STAFF NEWS & ANALYSIS
U.S. Pushes Iran for War?
By Staff News & Analysis - February 09, 2010

U.S. Defense Secretary Robert Gates (left) says he hopes strong international sanctions on Iran will forestall the need for a military strike designed to end the country's chances of developing a nuclear weapon. Gates spoke in Paris, where he and his French counterpart Herve Morin agreed it is time for sanctions after months of diplomatic overtures from the West have not had any impact on Iranian leaders. Secretary Gates is working with allies to develop an effective sanctions regime targeting Iran's government, while having minimal impact on its people. U.S. officials say they hope to bring a resolution to the U.N. Security Council this month, while France holds the rotating presidency. – VOA News

Dominant Social Theme: Mustn't let them have the bomb.

Free-Market Analysis: The trouble with sanctions is that they often provoke the very wars they supposedly are intended to avoid. When the US slapped sanctions on Japan before the Second World War, Japan responded with a good deal more aggressiveness perhaps than US planners had expected. Here's how Wikipedia puts it:

On August 1941, the crisis came to a head as the United States, which at the time supplied 80% of Japanese oil imports, initiated a complete oil embargo. This threatened to cripple both the Japanese economy and military strength once the strategic reserves would run dry. Faced with the choice of either trying to appease the U.S., negotiate a compromise, find other sources of supply or go to war over resources, Japan chose the last option. Hoping to knock out the U.S. for long enough to be able to achieve and consolidate their war-aims, the Japanese Navy attacked the U.S. Navy at Pearl Harbor on December 7, 1941. They mistakenly believed they would have about a two year window to consolidate their conquests before the United States could effectively respond and that the United States would compromise long before they could get anywhere near Japan. (-Wikipedia)

We read here that the proximate cause of Japan's initial military activities against America was the US embargo. When bellicose regimes are pushed into a corner they often strike back – or so it seems to us. But then again perhaps that is the point of such sanctions. While the US may not wish to throw the first punch, there are probably those in the White House and Pentagon who are not averse to throwing a second or third. Sarah Palin herself seemed to indicate as much recently in widely reported remark that Barack Obama could in a sense salvage his administration through an Iranian military action.

We're not quite so sure as Palin that a new war would energize Barack Obama or his failing political effort. We think he may feel he has quite enough on his plate. The American mainstream media has gone quiet on Iraq, but if one scrutinizes the reporting coming out of Iraq it is easy to see that country has not become a bastion of Democratic tranquility. And with national elections coming up, one wonders if the relative calm (which isn't very calm) will hold at all. Afghanistan is more chaotic than ever meanwhile, with the US and allied troops readying for a big offensive. Yemen is yet another front that seems to have been opened and Pakistan itself is subject to US undeclared military actions to harass the Taliban.

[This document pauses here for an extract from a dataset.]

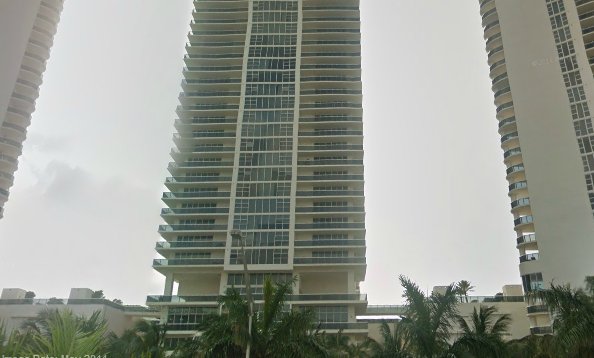 Bal Harbour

Add Iran to the above mix and you've definitely created the beginnings not of a series of local or regional military actions but of a kind of nascent world war pitting the West against Muslims both Shia and Sunni. All because it has been declared by the bureaucratic and political leadership of the West (especially America, Britain and Israel as usual) that Iran's possession of nuclear weapons is simply untenable. Why this should be the case we don't know. There are plenty of nuclear weapons in the world and the idea that Iran is going to act more responsibly or irresponsibly with them seems not to be sensible.

War is a racket, General Smedley Butler said, and we tend to believe that this entire 10-year arc of actions against various Middle East entities and enemies is indeed a power elite meme – one long, building promotion. Yes, that's our position: The "war on terror" is (at least partially) just one more scam designed to drain the wallets and confidence of the Anglo-American middle class while justifying additional repressive domestic measures to circumvent traditional Western freedoms. Democracy in the Middle East, so far as we can tell, is just some sort of afterthought. The war is aimed in large part at you, dear Western reader, not some fellow squatting in a cave.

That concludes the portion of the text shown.